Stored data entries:
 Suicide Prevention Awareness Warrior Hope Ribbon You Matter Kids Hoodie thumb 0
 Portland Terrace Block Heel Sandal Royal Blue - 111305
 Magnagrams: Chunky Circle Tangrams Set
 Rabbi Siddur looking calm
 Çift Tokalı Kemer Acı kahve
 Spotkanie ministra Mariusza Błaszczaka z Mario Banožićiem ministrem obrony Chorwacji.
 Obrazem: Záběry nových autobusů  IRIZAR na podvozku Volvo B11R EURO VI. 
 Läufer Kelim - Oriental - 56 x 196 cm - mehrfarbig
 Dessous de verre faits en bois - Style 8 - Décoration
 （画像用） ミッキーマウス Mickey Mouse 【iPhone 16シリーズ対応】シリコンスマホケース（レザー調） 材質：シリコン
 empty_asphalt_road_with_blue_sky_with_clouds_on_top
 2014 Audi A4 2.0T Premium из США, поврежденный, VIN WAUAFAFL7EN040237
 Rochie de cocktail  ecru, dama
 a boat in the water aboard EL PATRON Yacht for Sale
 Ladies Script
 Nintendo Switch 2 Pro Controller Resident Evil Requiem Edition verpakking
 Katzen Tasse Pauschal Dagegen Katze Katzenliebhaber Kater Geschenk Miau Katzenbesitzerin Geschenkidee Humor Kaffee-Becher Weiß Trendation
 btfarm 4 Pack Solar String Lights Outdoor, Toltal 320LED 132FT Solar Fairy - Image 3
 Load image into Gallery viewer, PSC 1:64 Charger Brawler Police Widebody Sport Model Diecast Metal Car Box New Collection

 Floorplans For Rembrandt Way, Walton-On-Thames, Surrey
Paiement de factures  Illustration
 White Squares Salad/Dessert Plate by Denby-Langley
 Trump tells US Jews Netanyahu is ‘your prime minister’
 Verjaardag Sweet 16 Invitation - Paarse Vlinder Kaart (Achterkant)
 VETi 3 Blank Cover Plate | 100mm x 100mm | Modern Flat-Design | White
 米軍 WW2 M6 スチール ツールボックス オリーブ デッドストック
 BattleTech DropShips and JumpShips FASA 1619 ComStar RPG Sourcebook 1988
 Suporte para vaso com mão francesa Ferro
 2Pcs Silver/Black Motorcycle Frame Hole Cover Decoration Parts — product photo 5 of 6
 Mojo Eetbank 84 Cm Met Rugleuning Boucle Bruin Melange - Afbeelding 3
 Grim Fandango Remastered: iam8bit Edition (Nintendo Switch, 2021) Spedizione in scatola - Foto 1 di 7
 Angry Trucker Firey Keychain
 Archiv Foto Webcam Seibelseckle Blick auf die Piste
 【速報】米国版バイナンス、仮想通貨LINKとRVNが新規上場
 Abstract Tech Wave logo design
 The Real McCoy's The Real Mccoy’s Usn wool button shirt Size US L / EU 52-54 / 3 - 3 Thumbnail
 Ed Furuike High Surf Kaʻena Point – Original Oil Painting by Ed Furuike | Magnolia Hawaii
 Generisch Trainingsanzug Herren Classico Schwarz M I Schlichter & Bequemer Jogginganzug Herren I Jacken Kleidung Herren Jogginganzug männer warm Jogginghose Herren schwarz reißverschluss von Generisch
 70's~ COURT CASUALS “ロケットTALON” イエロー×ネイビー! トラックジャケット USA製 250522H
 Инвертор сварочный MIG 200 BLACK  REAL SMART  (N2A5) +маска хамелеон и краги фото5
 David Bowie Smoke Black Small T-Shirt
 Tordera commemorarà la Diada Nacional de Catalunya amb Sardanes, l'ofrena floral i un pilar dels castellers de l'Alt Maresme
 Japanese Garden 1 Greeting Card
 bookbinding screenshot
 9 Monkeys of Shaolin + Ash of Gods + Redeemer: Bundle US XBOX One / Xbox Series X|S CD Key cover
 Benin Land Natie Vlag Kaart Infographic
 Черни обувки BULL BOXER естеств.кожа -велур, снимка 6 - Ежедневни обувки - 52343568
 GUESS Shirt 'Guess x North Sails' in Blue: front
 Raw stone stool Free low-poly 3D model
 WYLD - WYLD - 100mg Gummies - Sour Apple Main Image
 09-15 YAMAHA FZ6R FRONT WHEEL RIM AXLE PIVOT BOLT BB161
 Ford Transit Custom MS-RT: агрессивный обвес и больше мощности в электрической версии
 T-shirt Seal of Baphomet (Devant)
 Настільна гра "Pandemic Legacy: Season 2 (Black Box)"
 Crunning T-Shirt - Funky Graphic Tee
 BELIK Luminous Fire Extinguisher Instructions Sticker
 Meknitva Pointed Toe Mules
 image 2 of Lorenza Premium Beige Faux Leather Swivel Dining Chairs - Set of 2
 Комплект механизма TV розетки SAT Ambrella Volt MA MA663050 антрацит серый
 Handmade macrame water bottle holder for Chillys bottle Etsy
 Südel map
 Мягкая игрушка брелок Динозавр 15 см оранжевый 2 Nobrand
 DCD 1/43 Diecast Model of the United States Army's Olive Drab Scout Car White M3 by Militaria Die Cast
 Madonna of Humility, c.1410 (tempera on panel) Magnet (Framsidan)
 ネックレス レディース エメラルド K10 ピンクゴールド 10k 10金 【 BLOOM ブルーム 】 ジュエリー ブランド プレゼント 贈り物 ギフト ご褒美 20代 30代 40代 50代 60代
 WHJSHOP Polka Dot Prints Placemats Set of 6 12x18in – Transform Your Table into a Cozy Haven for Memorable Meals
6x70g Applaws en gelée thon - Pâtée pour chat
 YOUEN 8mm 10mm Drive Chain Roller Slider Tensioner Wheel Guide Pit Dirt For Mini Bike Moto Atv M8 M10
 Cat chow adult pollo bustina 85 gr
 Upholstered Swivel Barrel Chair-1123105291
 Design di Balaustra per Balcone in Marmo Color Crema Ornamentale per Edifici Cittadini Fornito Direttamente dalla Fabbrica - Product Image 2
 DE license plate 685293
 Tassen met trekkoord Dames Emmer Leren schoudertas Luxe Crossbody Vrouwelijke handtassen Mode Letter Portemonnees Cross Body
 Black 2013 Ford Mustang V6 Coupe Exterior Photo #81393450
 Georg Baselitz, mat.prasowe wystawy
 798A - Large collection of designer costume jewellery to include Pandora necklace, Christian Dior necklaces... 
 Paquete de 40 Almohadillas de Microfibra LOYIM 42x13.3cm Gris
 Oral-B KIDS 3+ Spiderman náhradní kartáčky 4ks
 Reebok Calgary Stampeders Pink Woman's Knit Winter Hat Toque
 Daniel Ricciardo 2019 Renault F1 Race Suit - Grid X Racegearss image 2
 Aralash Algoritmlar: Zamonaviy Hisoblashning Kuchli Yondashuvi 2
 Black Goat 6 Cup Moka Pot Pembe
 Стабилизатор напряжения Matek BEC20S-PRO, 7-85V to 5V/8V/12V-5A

> What you need to do
The entries above hold the needed span. Transcribe exactly the lines from the one with "Черни обувки BULL" to the one with "Madonna of Humility, c.1410", both included.

> Solution
 Черни обувки BULL BOXER естеств.кожа -велур, снимка 6 - Ежедневни обувки - 52343568
 GUESS Shirt 'Guess x North Sails' in Blue: front
 Raw stone stool Free low-poly 3D model
 WYLD - WYLD - 100mg Gummies - Sour Apple Main Image
 09-15 YAMAHA FZ6R FRONT WHEEL RIM AXLE PIVOT BOLT BB161
 Ford Transit Custom MS-RT: агрессивный обвес и больше мощности в электрической версии
 T-shirt Seal of Baphomet (Devant)
 Настільна гра "Pandemic Legacy: Season 2 (Black Box)"
 Crunning T-Shirt - Funky Graphic Tee
 BELIK Luminous Fire Extinguisher Instructions Sticker
 Meknitva Pointed Toe Mules
 image 2 of Lorenza Premium Beige Faux Leather Swivel Dining Chairs - Set of 2
 Комплект механизма TV розетки SAT Ambrella Volt MA MA663050 антрацит серый
 Handmade macrame water bottle holder for Chillys bottle Etsy
 Südel map
 Мягкая игрушка брелок Динозавр 15 см оранжевый 2 Nobrand
 DCD 1/43 Diecast Model of the United States Army's Olive Drab Scout Car White M3 by Militaria Die Cast
 Madonna of Humility, c.1410 (tempera on panel) Magnet (Framsidan)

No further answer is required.